Historical biogeography and local adaptation explain population genetic structure in a widespread terrestrial orchid

Background and aims: Historical changes in environmental conditions and colonization-extinction dynamics have a direct impact on the genetic structure of plant populations. However, understanding how past environmental conditions influenced the evolution of species with high gene flow is challenging when signals for genetic isolation and adaptation are swamped by gene flow. We investigated the spatial distribution and genetic structure of the widespread terrestrial orchid Epipactis helleborine to identify glacial refugia, characterise postglacial population dynamics and assess its adaptive potential. Methods: Ecological niche modelling was used to locate possible glacial refugia and postglacial recolonization opportunities of E. helleborine. A large single-nucleotide polymorphism (SNP) dataset obtained through genotyping-by-sequencing was used to define population genetic diversity and structure and to identify sources of postglacial gene flow. Outlier analyses were used to elucidate how adaptation to local environment contributed to population divergence. Key results: The distribution of climatically suitable areas was restricted during the Last Glacial Maximum to the Mediterranean, south-western Europe and small areas in the Alps and Carpathians. Within-population genetic diversity was high in E. helleborine (mean expected heterozygosity: 0.373 ± 0.006, observed heterozygosity: 0.571 ± 0.012, allelic richness: 1.387 ± 0.007). Italy and central Europe likely acted as important genetic sources during postglacial recolonization. Adaptive SNPs were associated with temperature, elevation and precipitation. Conclusions: Forests in the Mediterranean and Carpathians likely acted as glacial refugia for Epipactis helleborine.
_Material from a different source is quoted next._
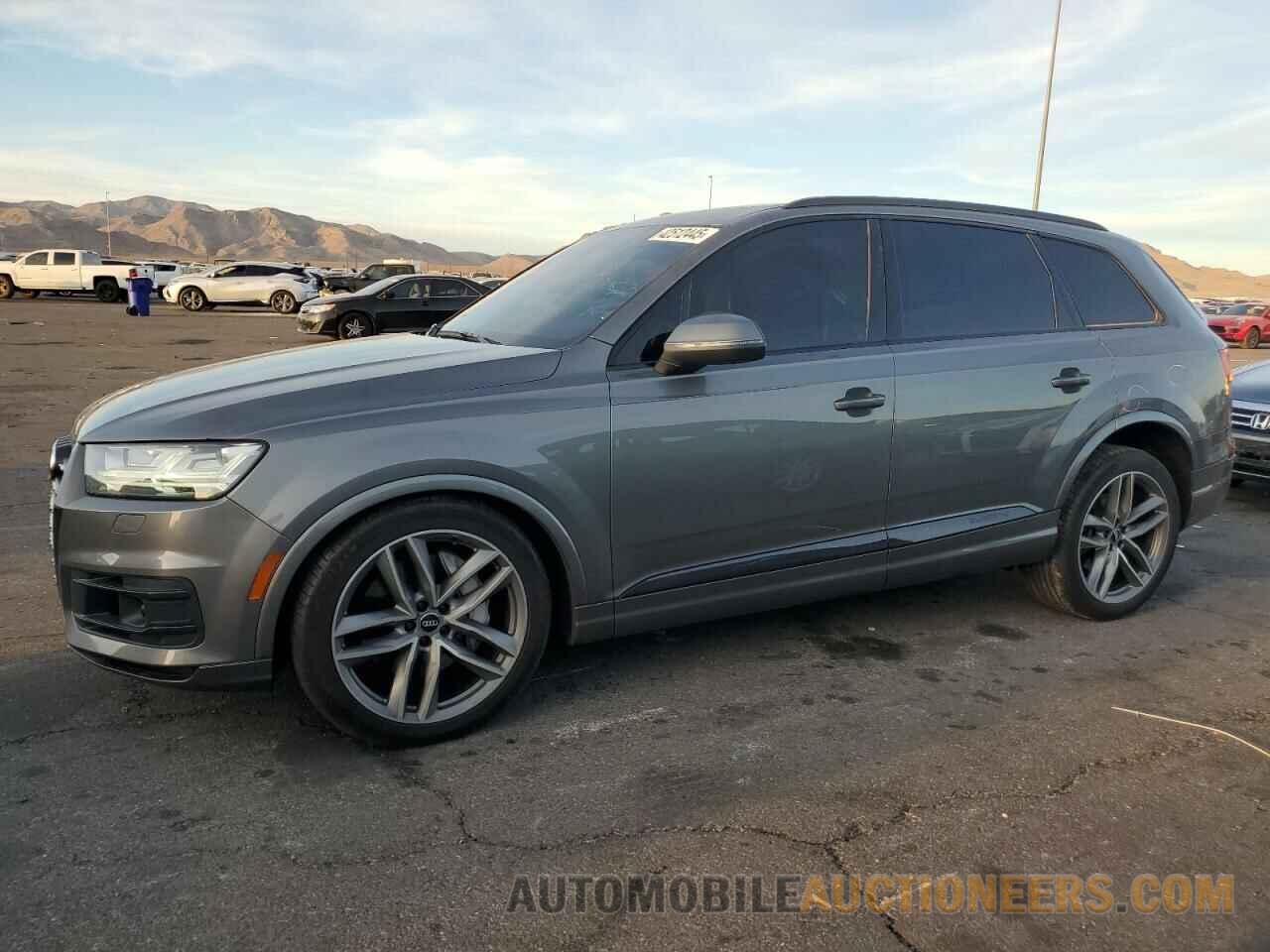 WA1VAAF72HD040236 AUDI Q7 2017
Postglacial migration northwards and to higher elevations resulted in the dispersal and diversification of E. helleborine in central Europe and Italy, as well as geographic isolation and divergent adaptation in Greek and Italian populations. Distinguishing adaptive from neutral genetic diversity allowed us to conclude that E. helleborine has a high adaptive potential to climate change and demonstrates that signals of adaptation and historic isolation can be identified even in species with high gene flow.